Mention should also be made of the Reformists (principally Jamal al-Din al-Afghani, 1838-1897; Mohammad Abduh, 1849-1905; Rashid Rida, d. 1935). They tried to “reopen the gates of the ijithad,” that is, the effort of personal interpretation, in lieu of the servile imitation (taqlid) of past law doctors by present ‘orthodox’ ones, and to adapt Islamic law to the modern world influenced by Western civilization. This may be comparable to Conservative or Reform Judaism.
Note that the above list makes no mention of Persian interpreters, so that I am not sure whether it applies only to Sunni Islam, or also to the Shi’ite branch.
The innovating velleities that begun 19th Century have come to little, due to the rise of modern fundamentalism, generated by the likes of the Muslim Brotherhood (founded 1928 in Egypt, by Hasan al-Banna, of the Hanbalist school).
An allegedly ‘orthodox’ backlash started occurring in the early 20th Century, which in the last two or three decades, under the given label of ‘Islamism’, has sadly become more and more radical and extreme, indulging in blind hatred and violence towards anyone external to it.

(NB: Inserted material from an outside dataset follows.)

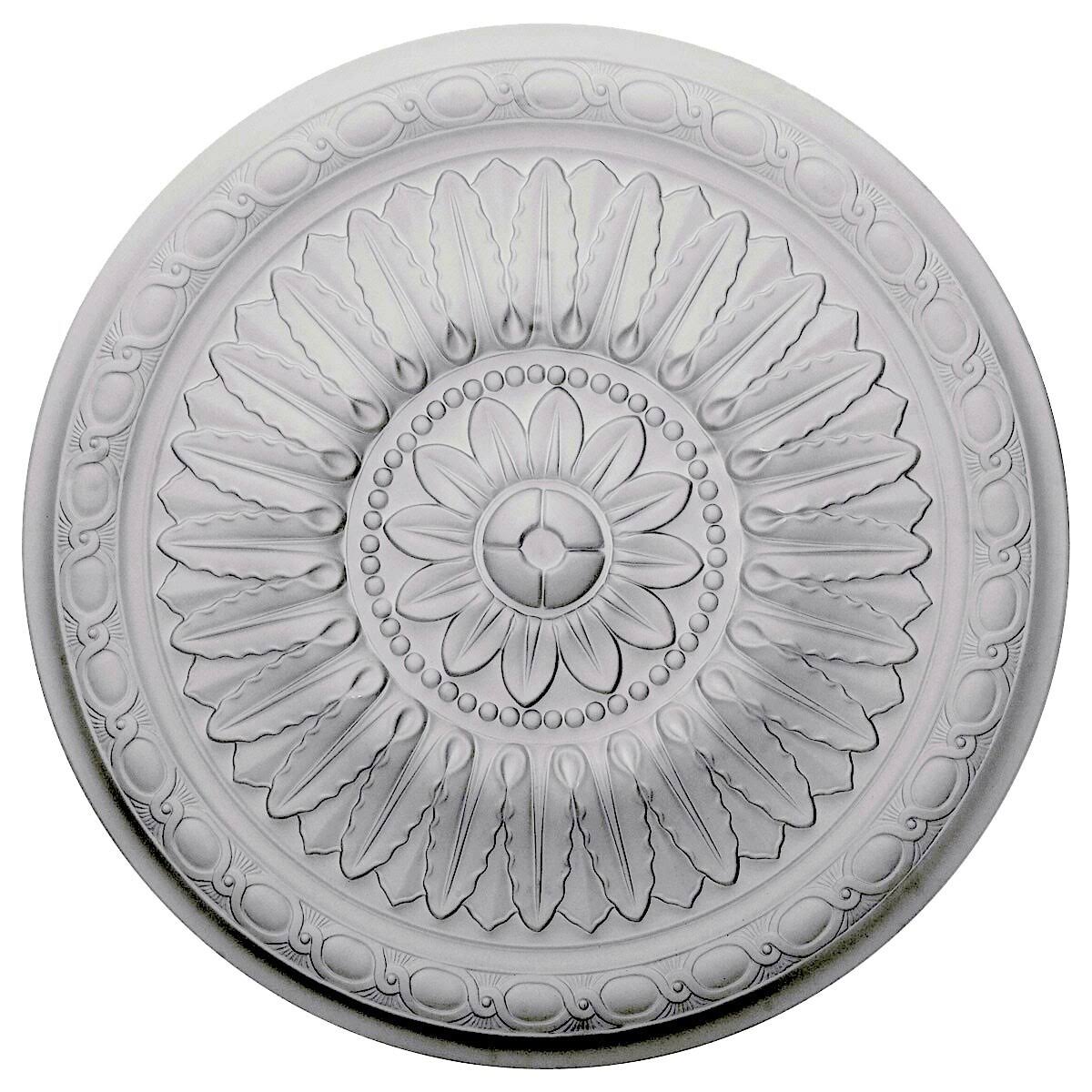 24x22OD x 1 5/8x22P Temple Ceiling Medallion, Hand-Painted Americana B367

According to a newspaper article I read (Tribune de Genève, 26-7-05), the main theoreticians of this Salafiya Djihadia movement were: Sayed Qotb (Egypt, 1906-66), inspired by Hanbalism, and Abu Al-Mawdudi (Pakistan, 1903-79), of Hanefist inspiration. Their doctrines gave rise to the notorious Al-Qaeda network, among others. The article does not mention the ideological sources of the Shi’ite Ayatollah Khomeini’s 1978 Iranian revolution, however.

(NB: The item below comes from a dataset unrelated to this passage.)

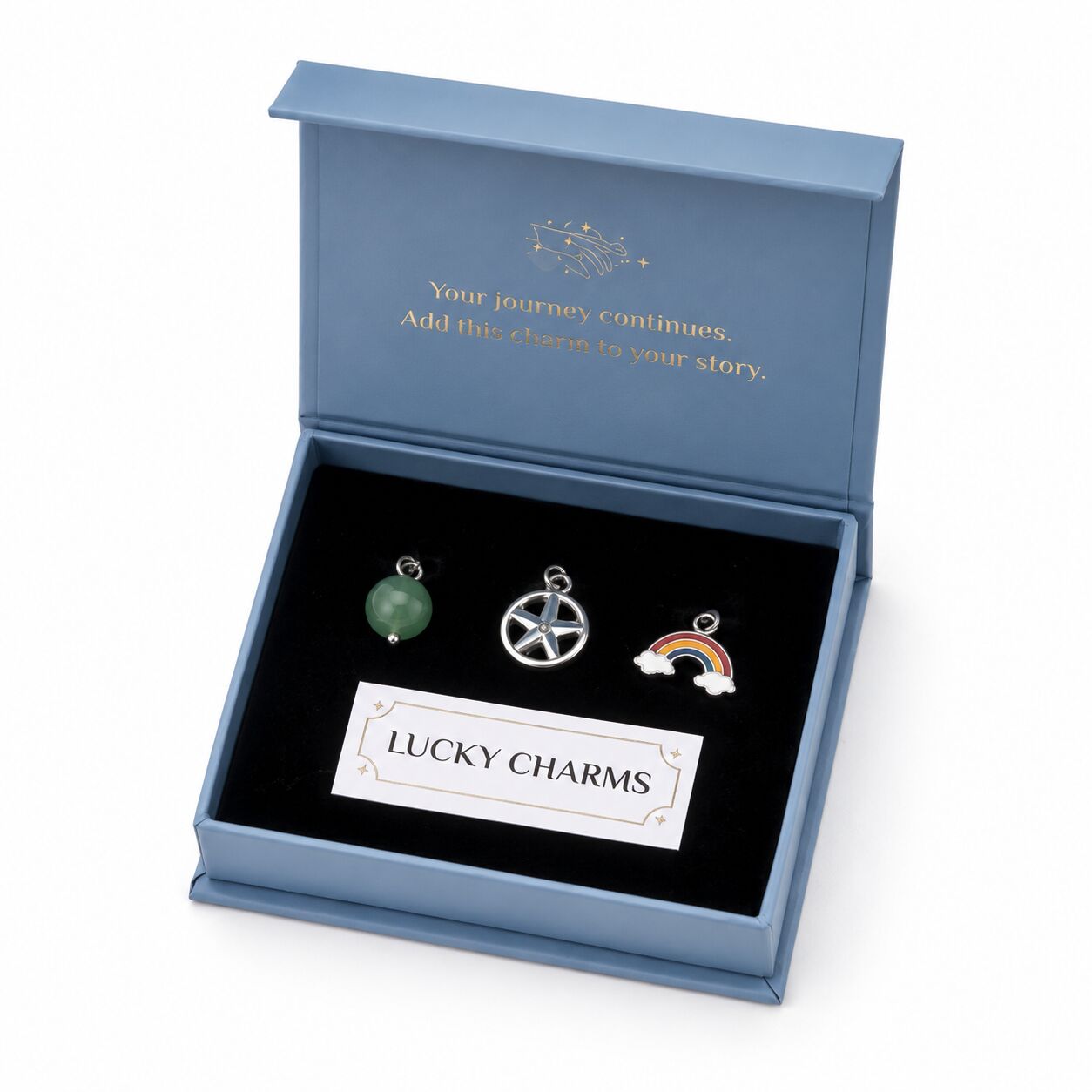 Steel Charms Collection — Lucky, Mystic & Manifestation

Moslem intellectuals who wish to reverse this disastrous trend must begin by critically reviewing every single argument put forward by the proponents of modern fundamentalism, (a) checking it for consistency with traditional logical procedures; and (b), in cases where no hermeneutic rule has visibly been breached, considering the possibility tradition offers of alternative juridical interpretations. Many faults are likely to be found in Islamist doctrine on purely Islamic grounds in this way, even before needing to question traditional Islam and more deeply the Koran.
Another important measure is, of course, education – inoculating common people against the fallacious arguments concocted by individuals with dubious motivations. It is all too easy for religious fanaticism to take hold in populations overly prone to emotional incitement and social intimidation, and intellectually ill-equipped to insist on rational checks and balances.
 Roger Arnaldez, L’Islam (Paris: Desclée/Novalis, 1988), p.196.
 See Arnaldez, pp. 33-45, 56-57,191-197.
 I am not sure this is a good example, as neither passage explicitly excludes the other: permitting vegetable food and permitting meat are not strictly in conflict, only davqa readings make them seem so.
 Another interpretation of the clause “because” in (b) would not have the same effect. If, for instance, it meant that Z is a sine qua non for Y, then (c) would read “Only Z are Y”, which implies “Some Z are Y and No nonZ is Y”, which is not enough to infer (a) syllogistically.
 Note, in passing, the following attributions mentioned by Arnaldez (pp. 42, 57): Personal opinion or ray was used by Abu Hanifa. Istislah was used by the disciples of Malik b. Anas. Analogy was used by Shafii.